What you write must match, character for character, the lines from the one with "Únete a la diversión" down to the one with "Peugeot 2008 1.5 BlueHDi Active Pack" in the listing below, minus its pictures.
--- Data to use ---
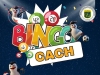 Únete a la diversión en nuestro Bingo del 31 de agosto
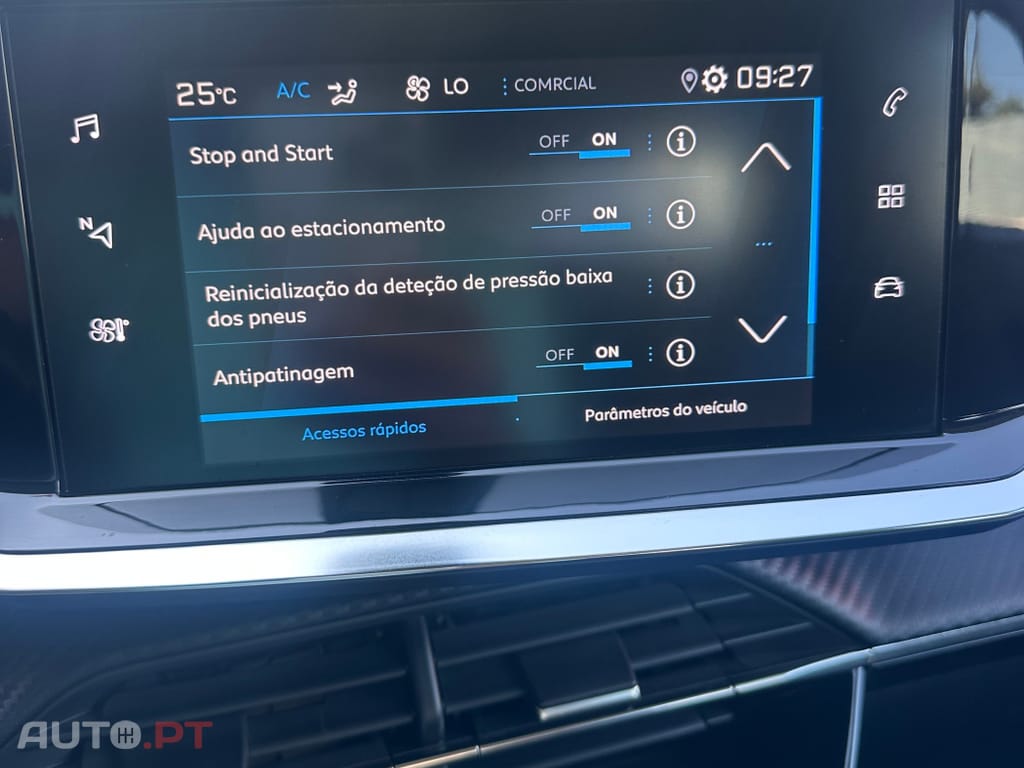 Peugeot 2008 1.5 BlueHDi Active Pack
---
--- Data to use ---
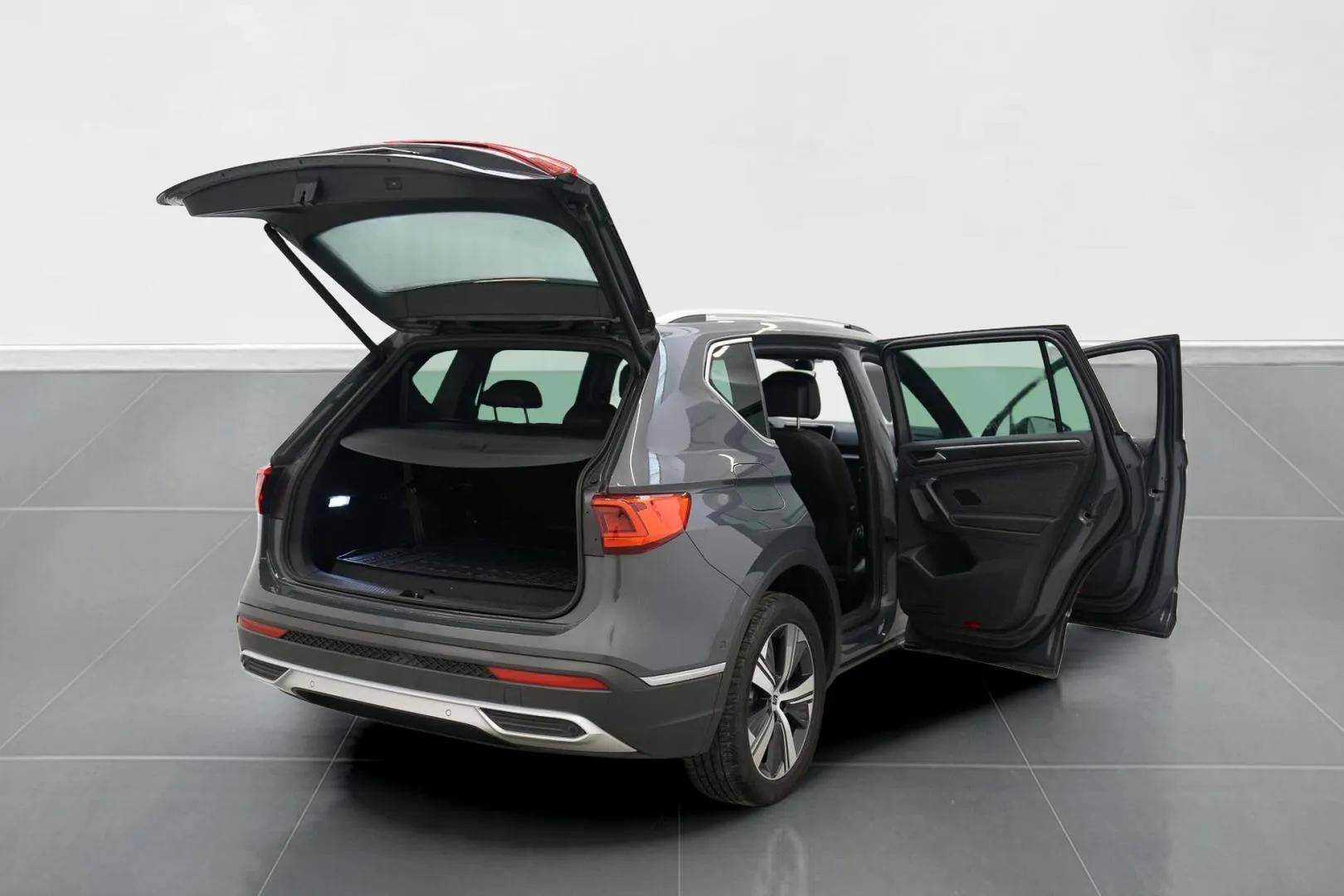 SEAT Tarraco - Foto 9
---
**Solution to the problem:**
 Únete a la diversión en nuestro Bingo del 31 de agosto
 Peugeot 2008 1.5 BlueHDi Active Pack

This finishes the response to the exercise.